Four posts and four very different yet very similar Ramayana stories later, I found myself wondering whether I was using the rear view mirror a tad too much. Had I been too focused on how the Ramayana has influenced cultures and is now a relic of collective pasts? Judging from the reactions that have poured in to the posts as comments and personal emails, I doubt that I can deny that the epic is very much alive and kicking today. If not from dusty hardbound books with complex Sanskrit script, the Ramayana still jumps out from our television screens and computer monitors and lives amongst us.
It was in 1986, that Ramanand Sagar’s famous TV series about the epic captured the nation’s imagination. While the national broadcasters Doordarshan were initially wary of a series that might possibly lead to a rise in communalism, they soon realised that they had nothing to worry about. Indians, irrespective of their religions were glued to their television screens, leading to what news media called the “Ramayana Fever” phenomenon. Until June 2003, the series enjoyed the distinction of being the world’s most viewed mythological series.

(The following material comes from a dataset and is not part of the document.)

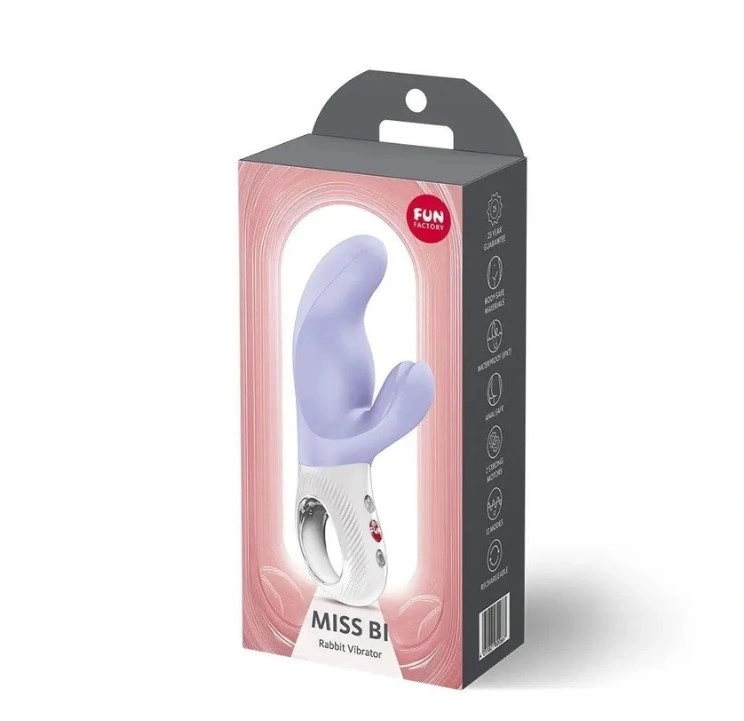 Vibrator Rabbit Miss Bi Fun Factory, 6 Moduri Vibratii, 6 Intensitati de Viteza, Silicon, USB, Mov, 17 cm, #4, Erotic24.ro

There were also international projects like the animated Ramayana, titled “Warrior Prince - The story of Lord Ram”. Directed by the Japanese filmmaker Yugo Sako, it combined three styles of animation and won considerable acclaim at film festivals and generated an army of young fans. Based on Valmiki’s Ramayan, the story transformed Lord Ram into a super-hero of sorts who was battling with demons and ten-headed monster kings to rescue his beautiful wife and damsel in distress Sita.
And while the Warrior Prince does not really dwell on Sita’s banishment, a 2009 animation film named “Sita Sings the Blues” did just that. A musical and very personal interpretation of the epic made by Nina Paley, the film drew a parallel between the filmmaker’s divorce and Ram leaving Sita. Switching between the locations of a modern San Francisco and an ancient Lanka and Ayodhya, the movie not only presented the viewers with an abridged version of the epic, but also how morals from the tale could be applied to make sense of the relationship problems that we are all plagued with at one time or another. And if not as a solution for a break-up, the film shows that you can probably find solace in the fact that even Ram and Sita had to separate and they were Gods, so what chance do we mere mortals have!!

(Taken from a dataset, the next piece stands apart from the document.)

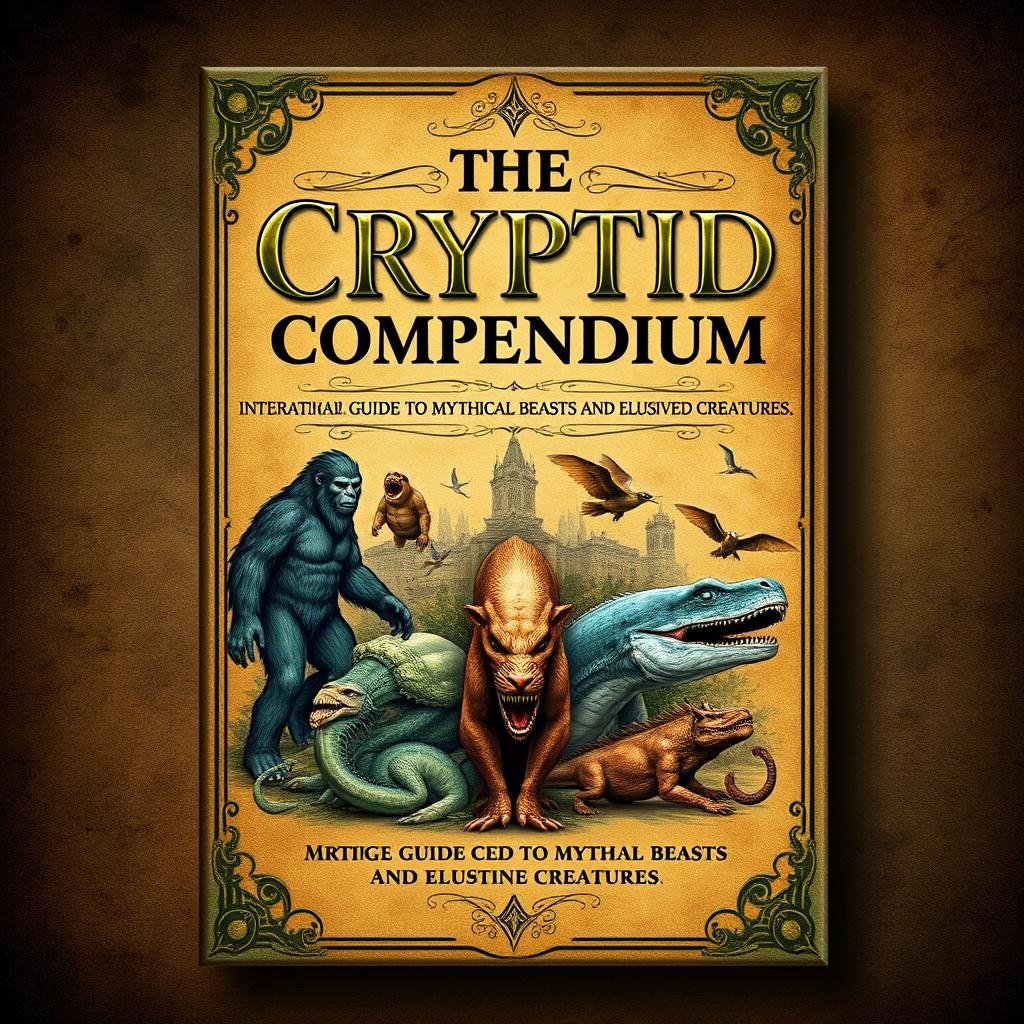 An eBook cover design for a fictional book titled "The Cryptid Compendium: An International Guide to Mythical Beasts and Elusive Creatures"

Now that’s something that renowned filmmaker Mani Ratnam will be exploring in his soon-to-be released movie ‘Raavan’. The multi-star project is said to be a modern take on the Ramayana with the twist being that the abducted wife starts feeling sympathy for her abductor, a man of multiple facets. Or figuratively speaking, a man who has ten heads.

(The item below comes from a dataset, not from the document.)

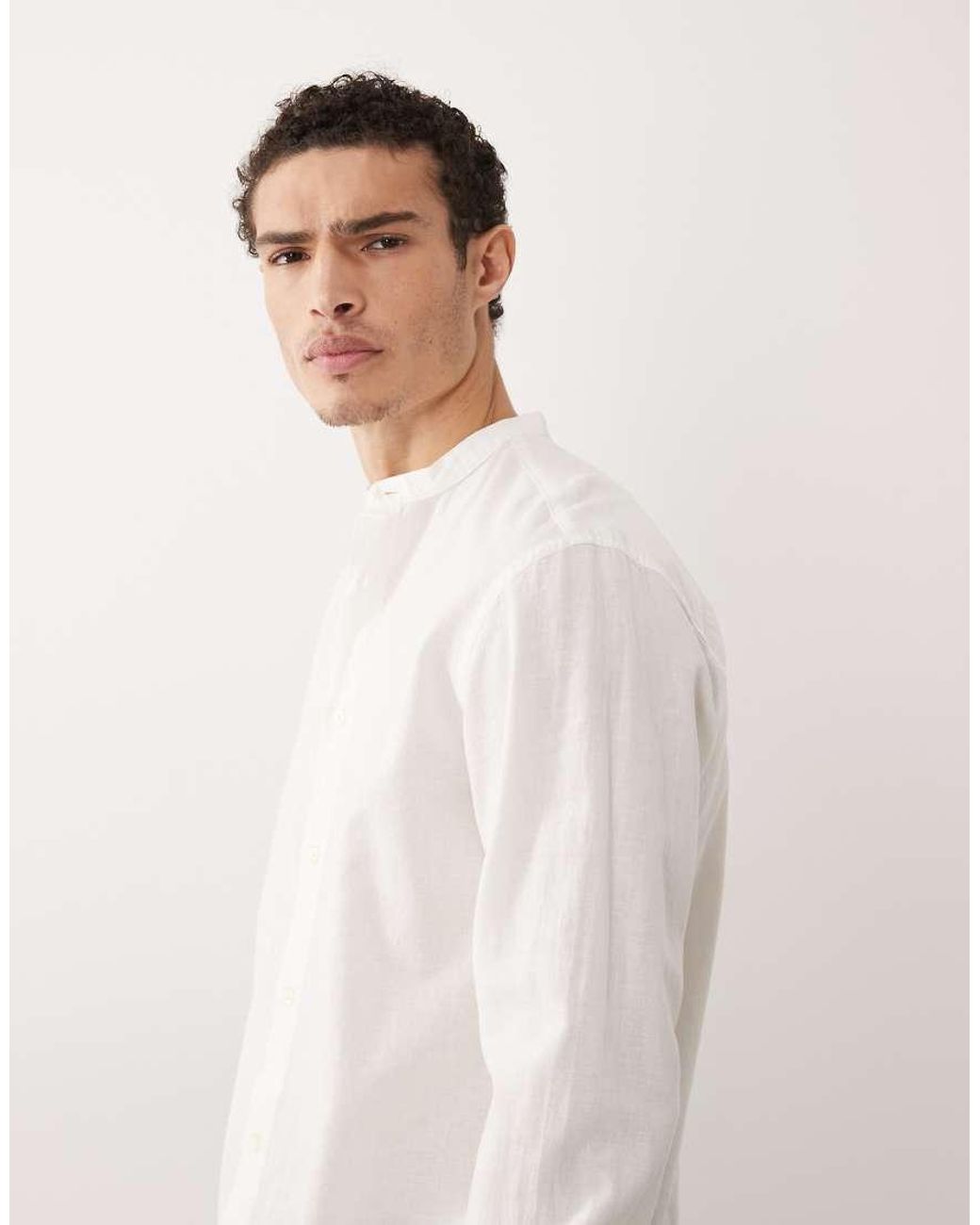 Jack & Jones White Linen Blend Shirt With Grandad Collar for men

The Ramayana is one of those epics that will always be drawn upon as inspiration or reference. Be it as a justification for fundamentalists to appropriate certain lands, to urge a woman to leave her life behind to be with her husband, or even to settle a family dispute, it’s inevitable that the characters from this great story will be used as examples for all eternity. And while one hopes that the influence of the epic continues to live on, I also hope that it is not used as a justification to perpetuate injustices in the name of norms and conventions. After all the Ramayana that has had the power to transcend all kinds of cultural and physical boundaries deserves to be treated with a little more respect than that. Don’t you agree?